恒心文庫:洋「ふんにゅう~」

本文

そう言って父洋は、手に力を入れた。根元から徐々に、力強く、そして優しく。そうしてこもった熱が、やがて先端に灯った時、奇跡は起きた。
「でりゅ、でりゅよ!」ビュルル
なんと、母乳が出たのだ。唐澤洋の薄ピンク色の乳首、儚げに震えるその先端から、白いサラサラとした液体が突如として噴き出したのだ。
唐澤洋は際限なく流れ出すその未知の感覚に戸惑いつつ、しかしその手の動きを止めない。小指から薬指中指、並行して手のひらを柔らかく包みながらの人差し指と親指のフィニッシュ。きつく締められ変形した乳首から縦横無尽に汁が飛び散る。
というのも、全ては愛する息子、唐澤貴洋のためである。生まれる前から鋼の如き髪型を備え、大量の糞便を隠していた貴洋は、なるほど、それらを備えるに足る体格で生まれてきた。当然母体、厚子は耐え切れなかった。厚子の分厚い小袋も、分厚い大陰唇も、そしてペニスの如き陰核さえも、ミサイルさながら飛び出した貴洋には太刀打ちできなかった。

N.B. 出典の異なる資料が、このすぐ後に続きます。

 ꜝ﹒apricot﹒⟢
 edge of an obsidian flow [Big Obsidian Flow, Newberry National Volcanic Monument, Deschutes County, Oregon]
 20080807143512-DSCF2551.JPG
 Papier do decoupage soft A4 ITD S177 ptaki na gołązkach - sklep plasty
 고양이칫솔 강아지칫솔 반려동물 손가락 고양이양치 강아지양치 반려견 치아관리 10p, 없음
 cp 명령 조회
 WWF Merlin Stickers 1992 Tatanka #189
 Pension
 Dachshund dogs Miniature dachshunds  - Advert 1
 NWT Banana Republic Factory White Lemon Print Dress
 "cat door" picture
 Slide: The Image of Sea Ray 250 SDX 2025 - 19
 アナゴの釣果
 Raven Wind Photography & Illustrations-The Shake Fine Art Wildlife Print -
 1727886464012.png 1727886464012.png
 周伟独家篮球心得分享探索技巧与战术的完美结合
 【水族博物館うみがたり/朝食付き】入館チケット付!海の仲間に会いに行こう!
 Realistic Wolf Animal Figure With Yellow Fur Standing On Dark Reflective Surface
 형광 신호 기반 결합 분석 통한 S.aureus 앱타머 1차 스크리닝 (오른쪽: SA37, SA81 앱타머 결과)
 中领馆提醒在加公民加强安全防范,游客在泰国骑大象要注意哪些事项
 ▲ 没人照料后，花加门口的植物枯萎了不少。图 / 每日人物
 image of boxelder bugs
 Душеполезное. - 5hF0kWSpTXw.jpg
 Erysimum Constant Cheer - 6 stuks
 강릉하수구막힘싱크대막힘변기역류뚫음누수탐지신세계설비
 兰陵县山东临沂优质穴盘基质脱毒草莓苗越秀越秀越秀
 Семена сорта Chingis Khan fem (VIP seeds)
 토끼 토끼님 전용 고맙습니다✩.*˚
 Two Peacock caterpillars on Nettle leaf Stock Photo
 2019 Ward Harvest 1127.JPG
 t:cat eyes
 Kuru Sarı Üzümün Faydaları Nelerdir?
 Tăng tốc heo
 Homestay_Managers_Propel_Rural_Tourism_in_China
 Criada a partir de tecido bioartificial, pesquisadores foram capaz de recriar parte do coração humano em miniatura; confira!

厚子の体を縦に割り、ひっくり返しながら貴洋は生まれてきた。
ひっくり返った子宮を帽子の如く被りながら泣く貴洋に、洋はその肉棒の如く巨大な乳首を近づけて行く。その震える輪郭が、貴洋の唇に触れる。貴洋は唇を二三度開けて閉じると、すかさずその乳首に吸い付いた。
唐澤洋は笑みを浮かべた。厚子は死んだが、この子がいる。厚子に似て肉厚の唇。厚子に似て肉厚の脇、そして厚子に似て肉厚の尻。何より、厚子のとは違い、本物のペニス。
ならばわしが父となり母となろう。
洋は自分の中の男と女が反応するのを感じていた。